Scene from “El bar” in the Plaza Mostenses / Pokeepsie Films / Madrid Film Office

Now we suggest you continue along Preciados street, nowadays an emblem of consumerism, another source of inspiration for the director. Stop at the FNAC Callao building, outside the shopping centre where “Crimen Ferpecto” (2004) takes place. Go to the end of the street to Puerta del Sol to remember some scenes from the beginning of “Las brujas de Zugarramurdi” (2013) or others from “Crimen Ferpecto”, where you could see the advertising of Tío Pepe in its old location, nowadays moved to the façade of El Corte Inglés. If you’re visiting the Sol – Gran Vía area, you’re in the ideal place to quench your thirst. Did you know that Álex de la Iglesia’s favourite drink is gin and tonic? If it’s time to take a break from your visit and continue tomorrow, this evening stroll around Madrid’s best cocktail bars in the purest bohemian style.
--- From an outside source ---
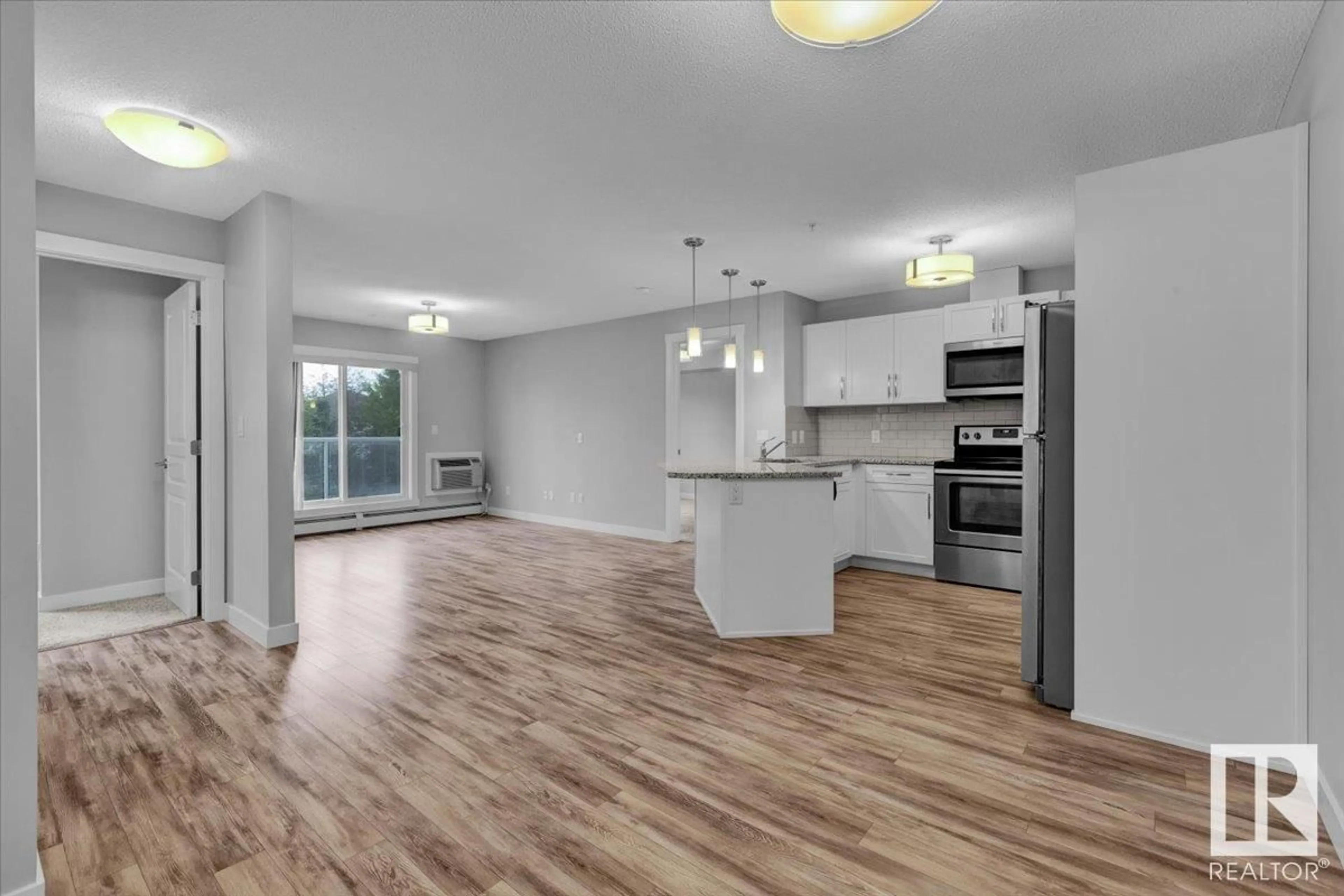 Open concept kitchen, wood/laminate floor for 205 2229 44 AV NW, Edmonton Alberta T6T0W6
Scene from “Las brujas de Zugarramurdi” shot in Sol / Video Mercury Films / Madrid Film Office

The route also takes you to Calle Alcalá, where the Banco de Bilbao building is located. Take a moment to look at it, as it has been declared an Asset of Cultural Interest and is one of the most photographed buildings in the city, on whose roof Terele Pávez was suspended from the legs of the chariot in “La comunidad”. It’s what the director calls “Mount Rushmore syndrome”, in allusion to the scene in Hitchcock’s “With Death on Our Heels” (1959): “I know I have a tendency to hang my actors from Madrid’s urban emblems… it’s something stronger than me, I can’t help it”. We have already mentioned how he did it with the Schweppes sign in “The Day of the Beast” and he will do it again in “Sad Ballad of the Trumpet” (2010) with the cross of the Valley of the Fallen. And if this stop was made at dinner time, don’t hesitate, come and try 44 Sushi Bar, one of Álex de la Iglesia’s favourite Japanese restaurants. 
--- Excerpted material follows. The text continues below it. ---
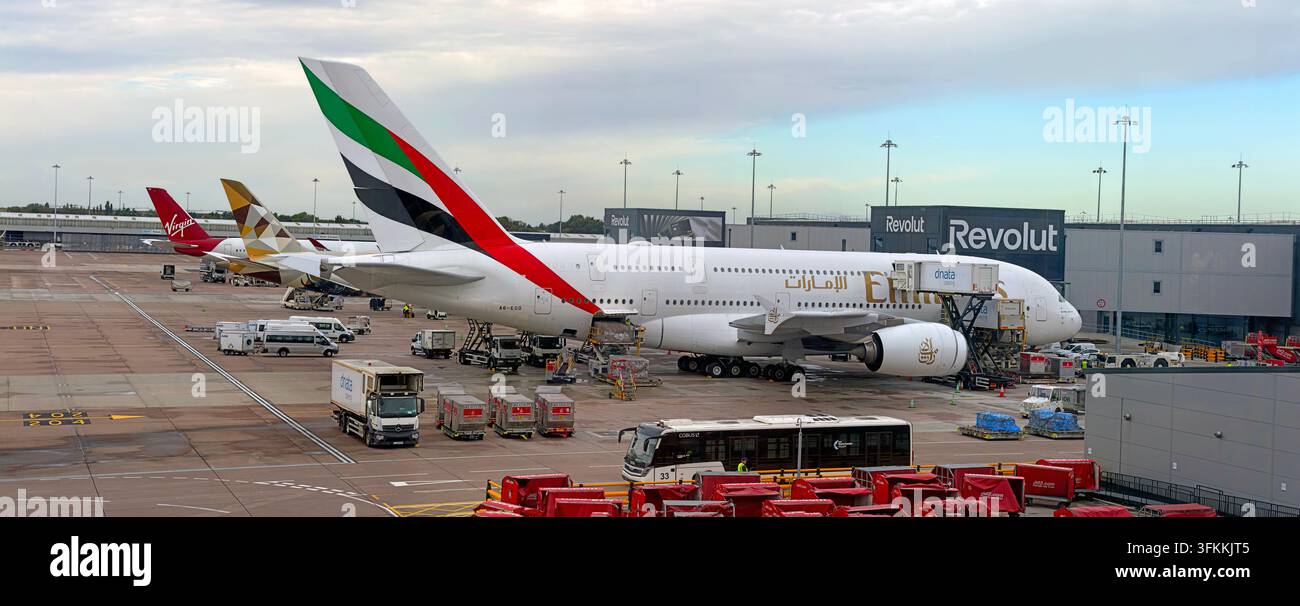Emirates Airbus A380 wide-body aircraft being serviced on the apron at Manchester Airport, England. Stock Photo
The next stop is still on Calle Alcalá, in the Edificio de las Cariátides, today the headquarters of the Instituto Cervantes. This is where the Swiss bank robbery that serves as the opening scene of the first season of “30 Coins” (2020) is recreated. This stop is very special, not only because of the impressiveness of the building, but also because you can’t leave Calle Alcalá without going up to one of the most visited terraces in Madrid, the Azotea del Círculo de Bellas Artes (Rooftop of the Círculo de Bellas Artes). A rooftop with privileged views of the centre of Madrid, ideal for a drink at sunset.

Scene from “30 monedas” filmed at the Instituto Cervantes / HBO / Madrid Film Office

Back on the route, turning left at La Cibeles, go up Paseo de Recoletos to the Wax Museum, where in “Muertos de risa” (1999) the characters of Álex Angulo, Santiago Segura and El Gran Wyoming go for a visit. Emulate the main characters, Nino and Bruno, with your own visit to the wax museum, one of the most visited in the city.

The next stop is Plaza Alonso Martínez, at the Hotel Sardinero, on whose rooftop “Perfectos desconocidos” (2017) was filmed, where four couples accept the challenge of uncovering their secrets by sharing everything they receive via mobile phone during a dinner. Make the most of the trip and let yourself be treated to the latest in Madrid’s gastronomy, as the area between Alonso Martínez and Castellana has become a trendy area full of new restaurants.

Near this hotel, the next stop on the route is Calle Españoleto. This is where, in “Balada triste de trompeta”, the assassination attempt on Carrero Blanco was recreated. And remember that if you need to recharge your batteries at this stage of the tour, you are in Chamberí, the most traditional neighbourhood of the city and known for its traditional and welcoming atmosphere; here you will find bars and taverns offering a wide variety of tapas, drinks and typical food of Madrid’s gastronomy. 

Continue along Calle Luchana and you will find the Cines Luchana, where the sad clown saw Raphael sing for the first time. Today it has been converted into a multi-purpose theatre with a wide range of shows at very competitive prices. Make a note of this tip so you can come back another time.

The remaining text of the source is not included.